== Task to complete ==
Set down exactly, from the records below, the line with "Zelli Roma Caiman" through the line with "shipyard worker Queen", and nothing else.

== Data ==
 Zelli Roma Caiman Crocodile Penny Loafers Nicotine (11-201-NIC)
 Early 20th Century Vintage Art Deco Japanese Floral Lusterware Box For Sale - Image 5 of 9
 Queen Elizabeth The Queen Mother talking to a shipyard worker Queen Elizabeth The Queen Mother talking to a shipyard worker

--

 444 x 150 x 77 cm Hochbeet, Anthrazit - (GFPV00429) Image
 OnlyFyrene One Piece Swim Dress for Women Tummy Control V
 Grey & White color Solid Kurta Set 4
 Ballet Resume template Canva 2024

--

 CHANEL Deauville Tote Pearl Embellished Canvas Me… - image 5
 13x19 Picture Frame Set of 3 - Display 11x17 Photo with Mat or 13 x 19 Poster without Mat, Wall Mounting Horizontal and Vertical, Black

== Solution to the problem ==
 Zelli Roma Caiman Crocodile Penny Loafers Nicotine (11-201-NIC)
 Early 20th Century Vintage Art Deco Japanese Floral Lusterware Box For Sale - Image 5 of 9
 Queen Elizabeth The Queen Mother talking to a shipyard worker Queen Elizabeth The Queen Mother talking to a shipyard worker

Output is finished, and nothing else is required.